Colombia‘s Ministry of Finance earlier this week released a framework for new bank capital securities that will open the door for local banks to issue new loss absorbing securities, according to Fitch Ratings. The Colombian Financial Superintendence still needs to issue the regulations for implementation and would need to review any new issue request to determine the classification of such securities as regulatory capital. In general, Fitch believes the new rules could lead to stronger capitalization levels among Colombian banks that choose to replace their Tier II subordinated debt, which is being phased out of Basel capital rules.

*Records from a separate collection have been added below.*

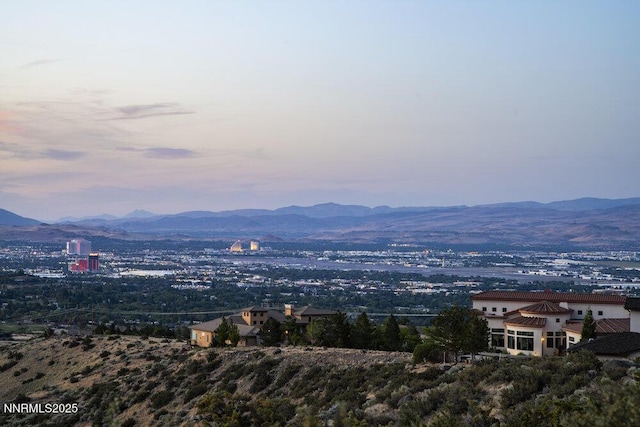 607 Rose Peak Ct, Reno, NV 89511 - photo 19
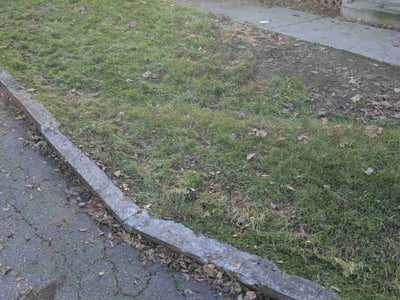 Leaf Removal service in Irondequoit, 14617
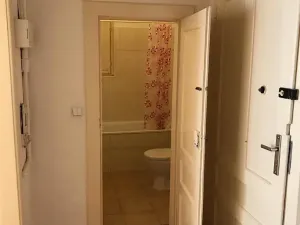 Pronájem bytu 3+kk, Praha - Žižkov, Hájkova, 76 m2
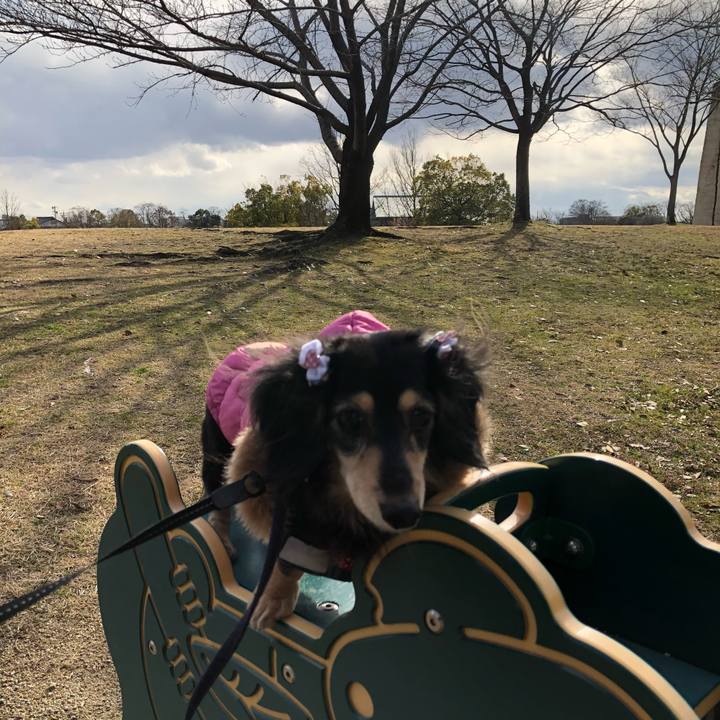 C500b14c d8ae 443f a2a5 1790c209c08a 1612854373055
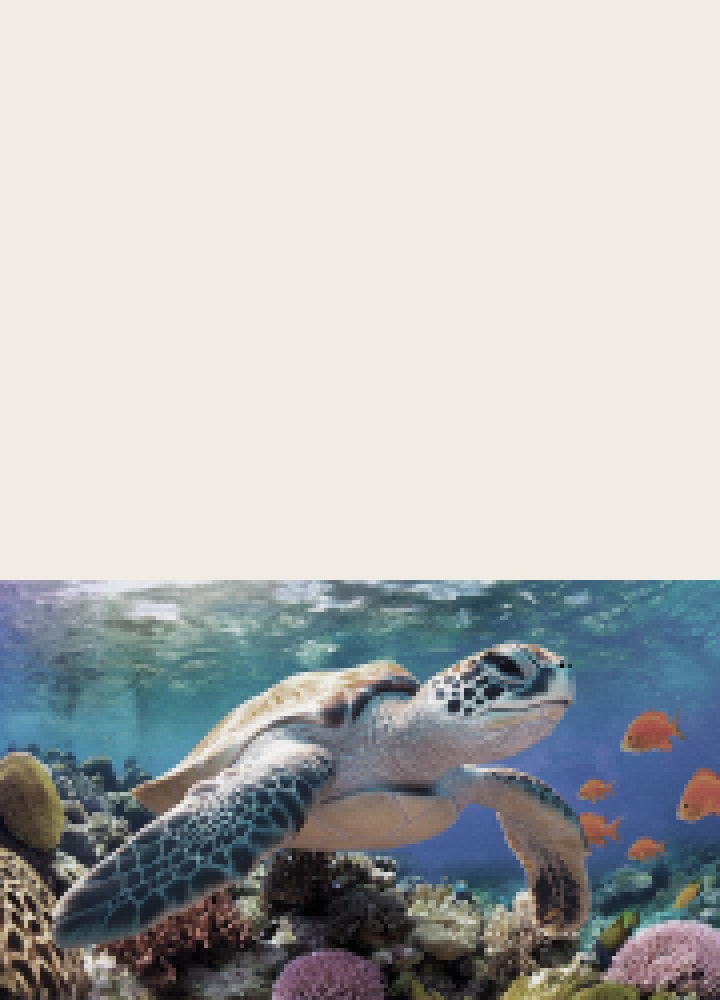LG OLED65B6SSA product feature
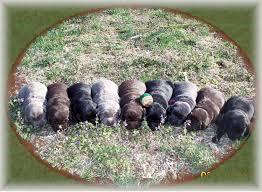 This page is your doorway to the wealth of information on labrador puppies that you will find throughout this site. Purchasing Information For Purchasing A Labrador From Shimmering Silver Labradors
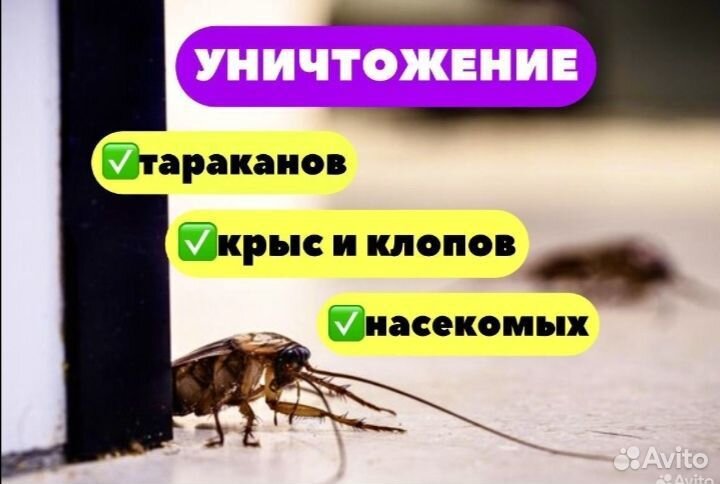 Уничтожение тараканов клопов мышей муравьёв клещей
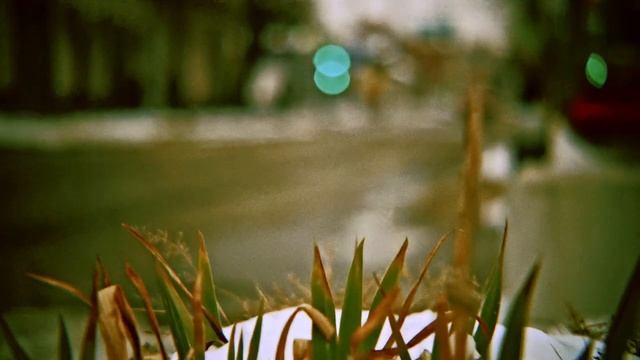 Sigma fp+Rubin-1, 37-80mm/2.8, Film Look. Зимний Краснодар 2023 смотреть онлайн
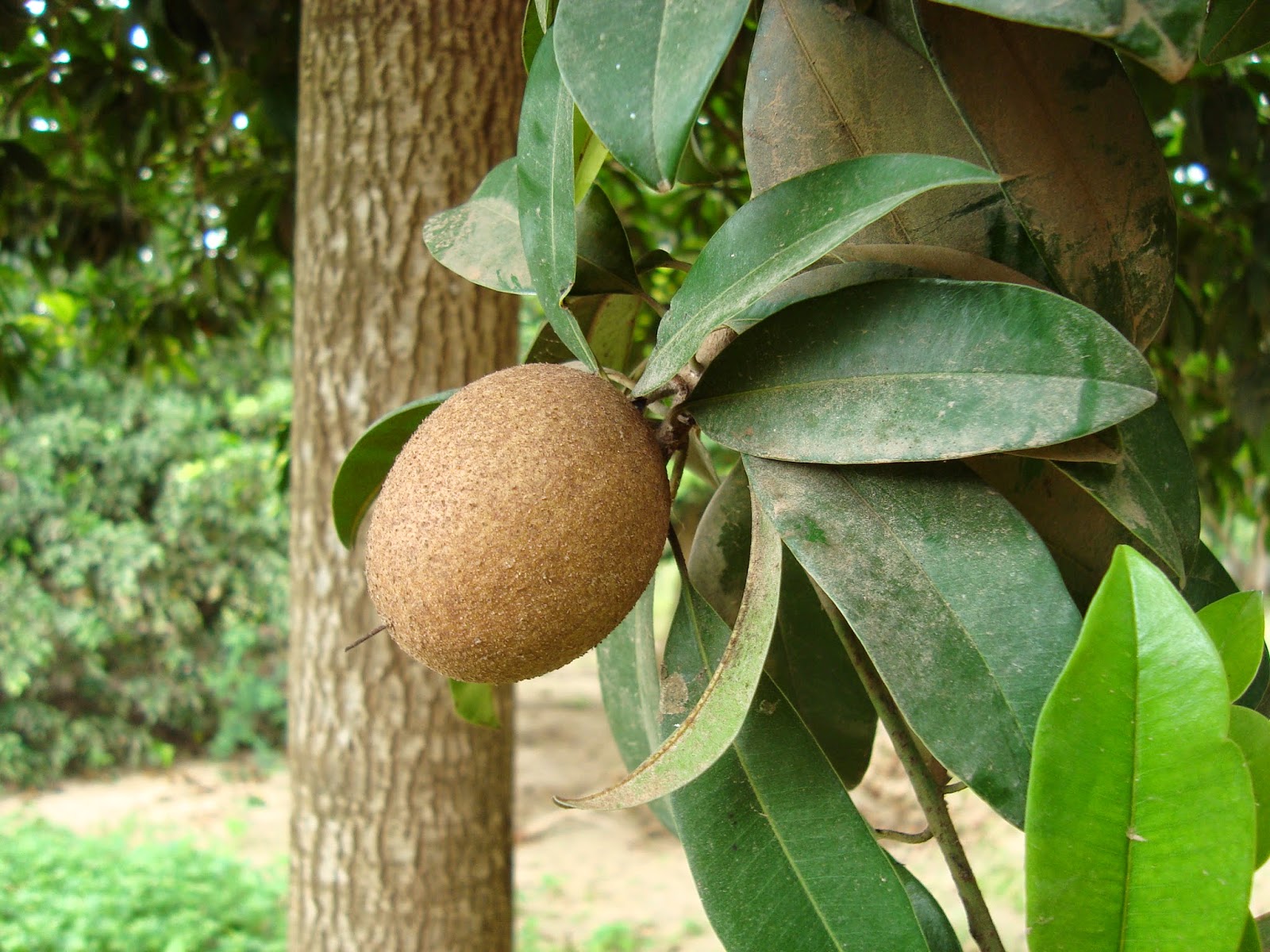 Soil & State Chocolate pudding fruit, plant stimulants and a pepper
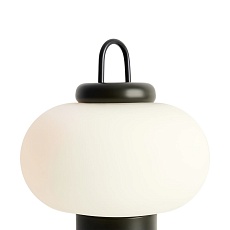 Настольная лампа Freya Take FR6175TL-L10B 4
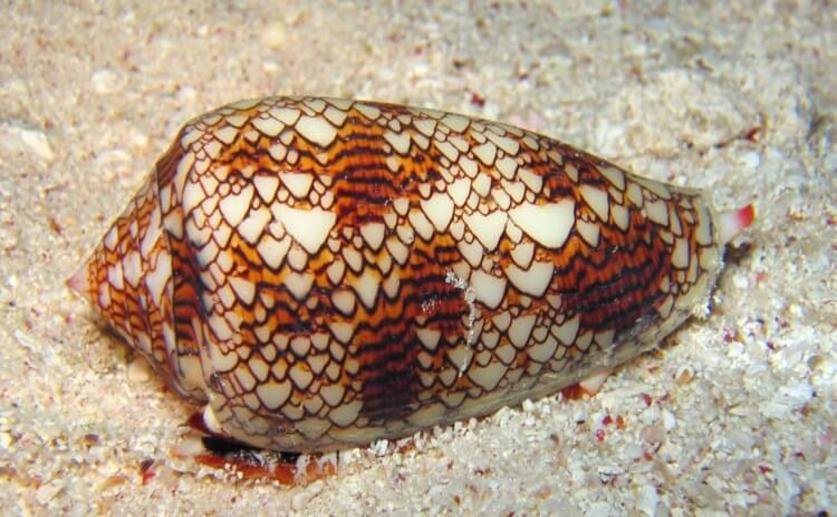 Cone Snails Use a Special Form of Insulin, Researchers Are Using the Findings to Improve Synthetic Insulin Compounds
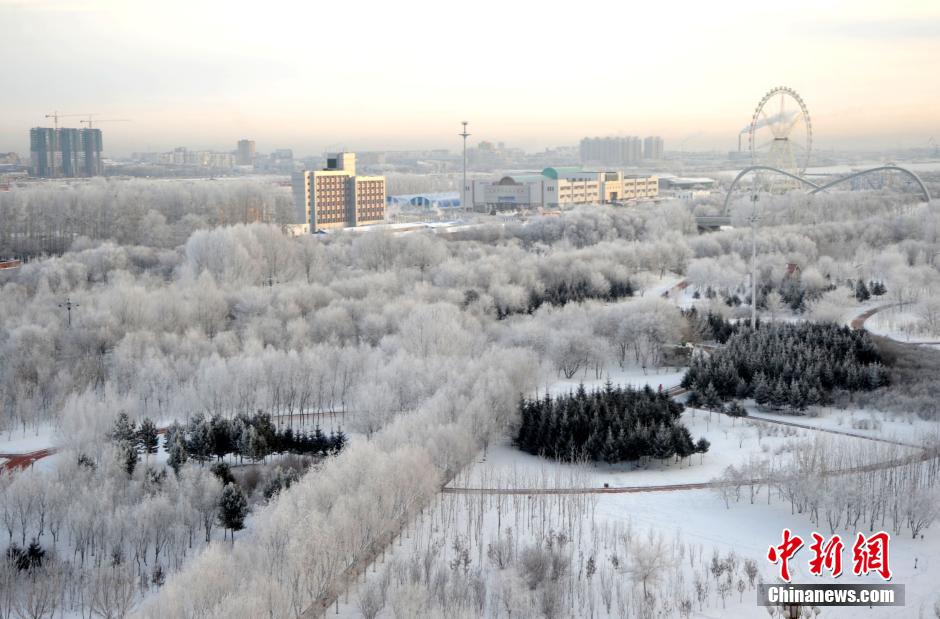 黑河现雾凇美景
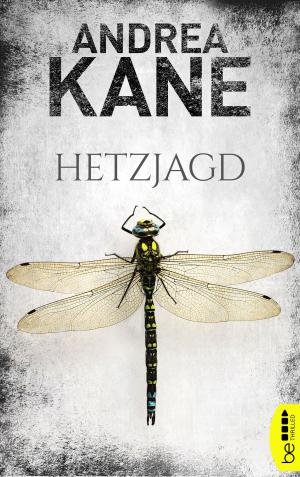 Cover of the book Hetzjagd by Harald Braun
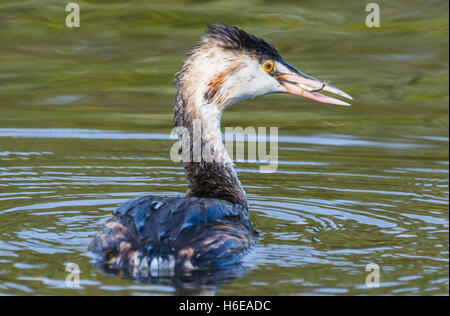 Grèbe huppé (Podiceps cristatus) en plumage non-reproduction avec un poisson sur la bouche, c'est nager dans l'eau dans le West Sussex, Angleterre, Royaume-Uni. Banque D'Images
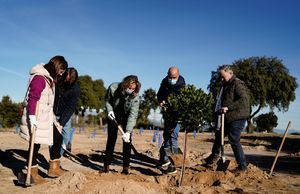 El proyecto Arco Verde de la Comunidad de Madrid alcanza la cifra de 50.000 árboles plantados
 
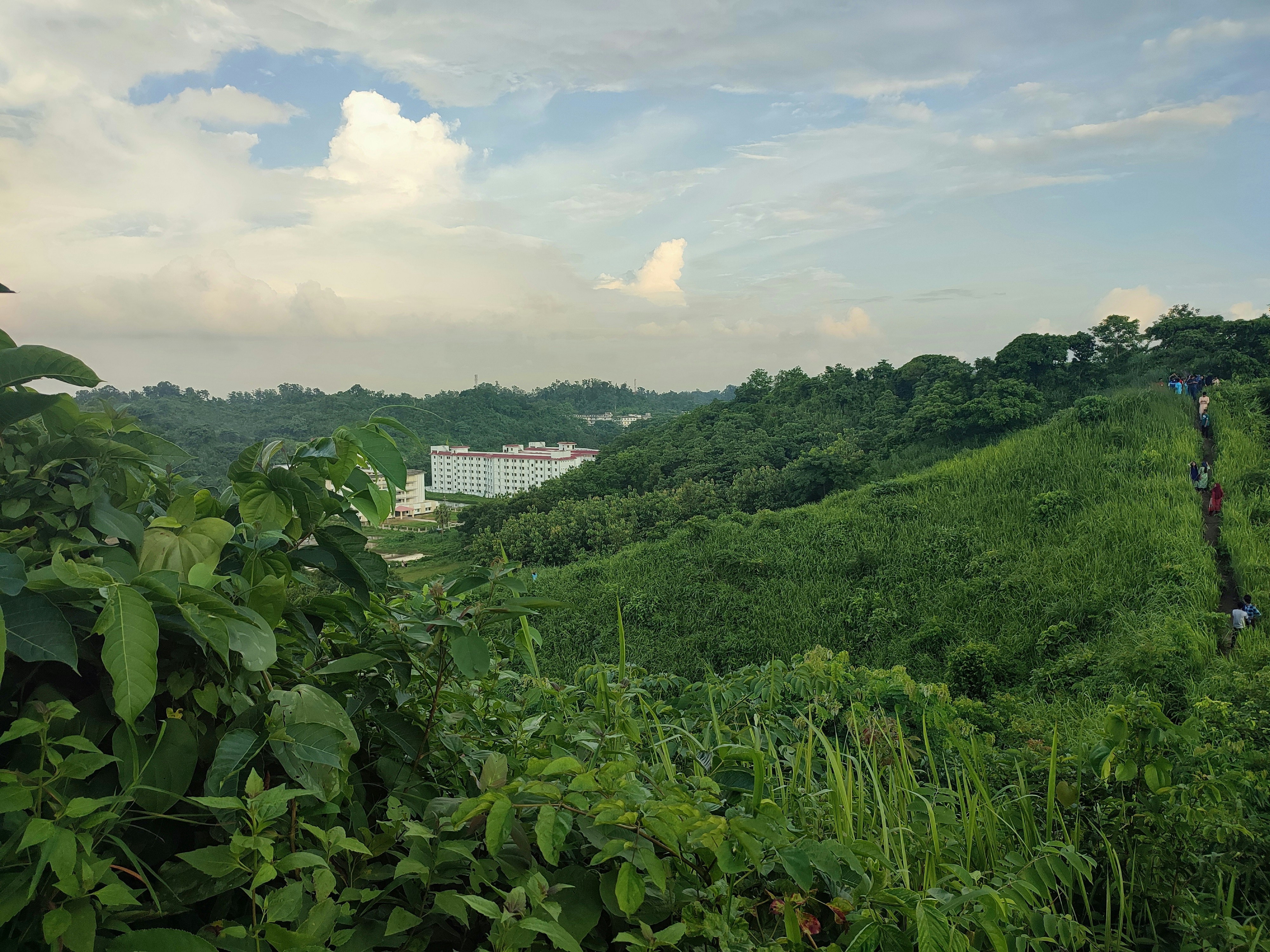 A lush green hillside with a lake in the distance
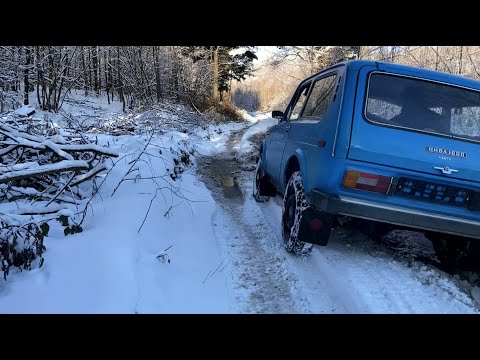 Видео: #17 Давай катнем на стоке, говорили они... Нива 2121 на ВЛИ5 в снег.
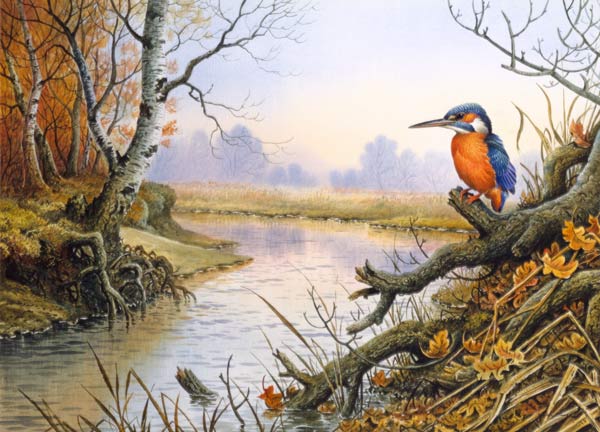 Kingfisher: Autumn River Scene  von Carl  Donner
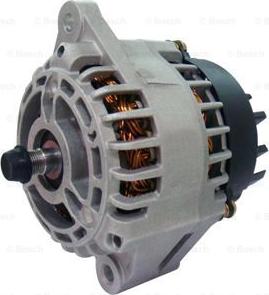 BOSCH F 042 307 021 - Alternatore www.autoricambit.com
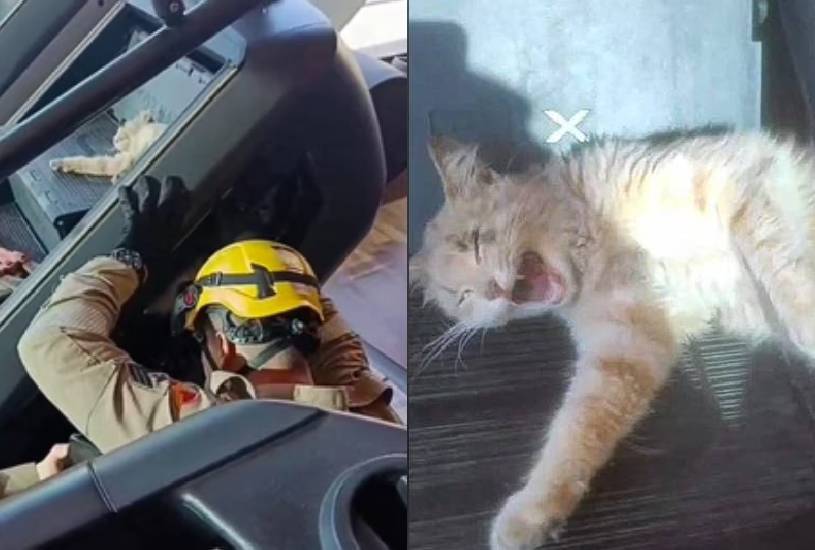 gato-academia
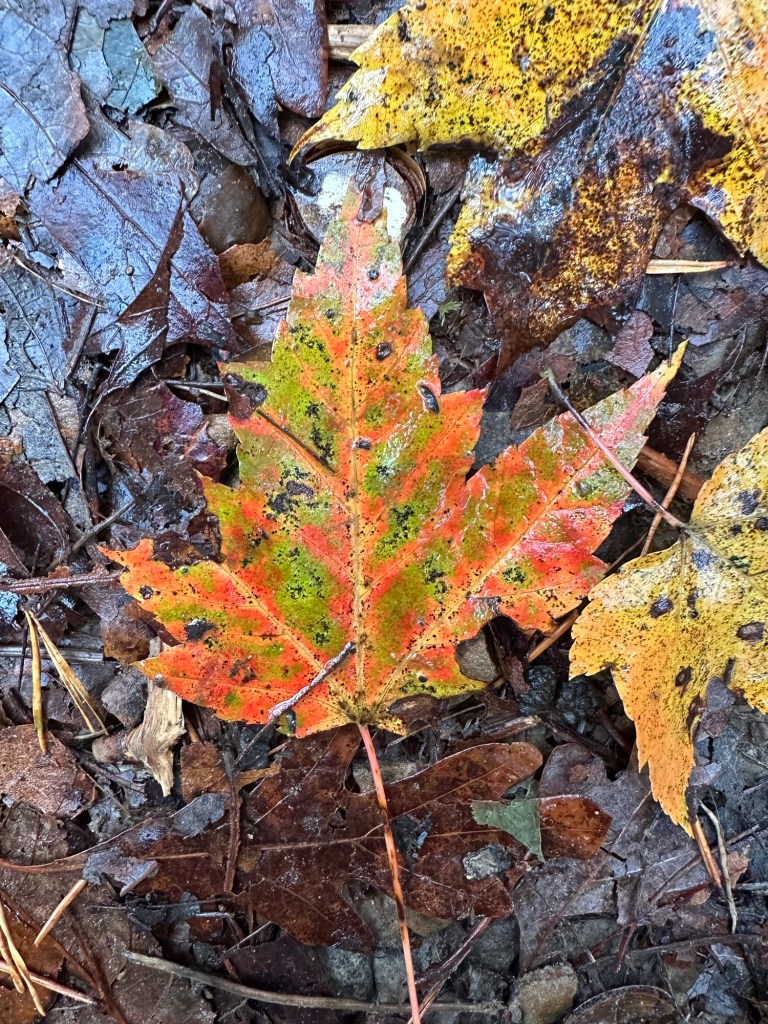Peach and yellow fall leaf at Fall Creek Falls State Park in Spencer, Tennessee, USA.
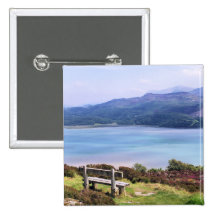 VIEWS OF WALES PIN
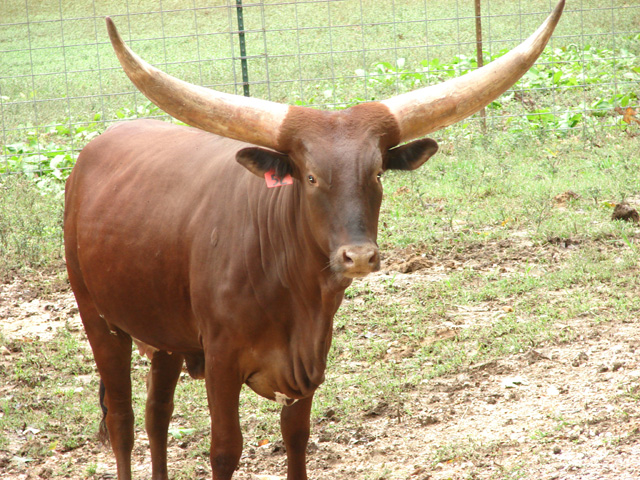 Watusi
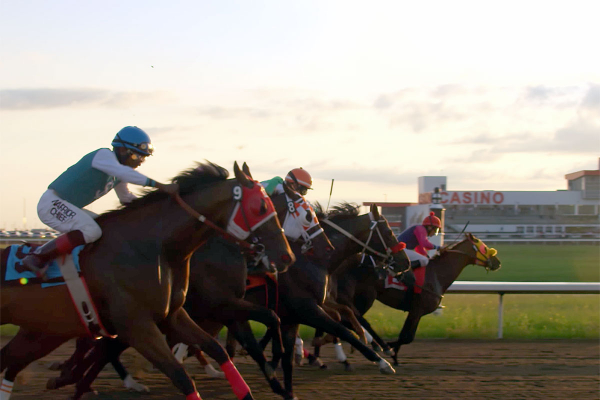 Diodoro discusses having two favourites in upcoming Canadian Derby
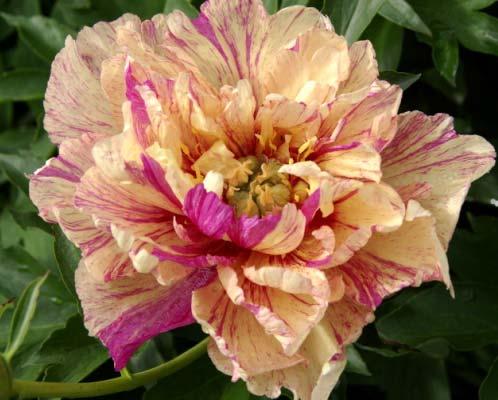 striping. This vigorous plant is an early bloomer and very floriferous.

Until now, plain vanilla subordinated debt, such as the securities issued both locally and abroad by Bancolombia, Banco de Bogota, Banco Davivienda and Banco GNB Sudameris, among others, has been a standard form of noncommon equity issuance among Colombia’s banks. Such securities have lower marginal capacity to provide cushion above the point of nonviability, which explains why Fitch ascribes no equity credit to such securities. Any higher loss absorbing capacity from newer securities, (such as noncumulative preferred issued in other regions) would benefit the overall capital structure of Colombian banks.
Fitch believes further strengthening of Colombian banks‘ capital base is warranted given future growth expectations and the risk of internal capital generation falling short of adequately supporting such growth. Recognizing capitalization concerns, the Colombian regulator has already approved changes that drive regulatory capital measures nearer to international standards. Such changes have included the exclusion of goodwill (generated since August 2012) from regulatory capital calculations and clearer guidelines on regulatory capital minimums for common equity, Tier I capital and additional Tier I capital. The decree issued by the finance ministry on Sept. 2 now provides guidelines on higher loss-absorbing capital securities.
As of June 2014, about 20% of total regulatory capital (USD5 billion) included legacy, plain vanilla subordinated debt, which in Fitch’s view are considered ‘gone concern’ securities and are not included as capital per the agency’s criteria. Fitch expects those securities to be phased out over the medium term.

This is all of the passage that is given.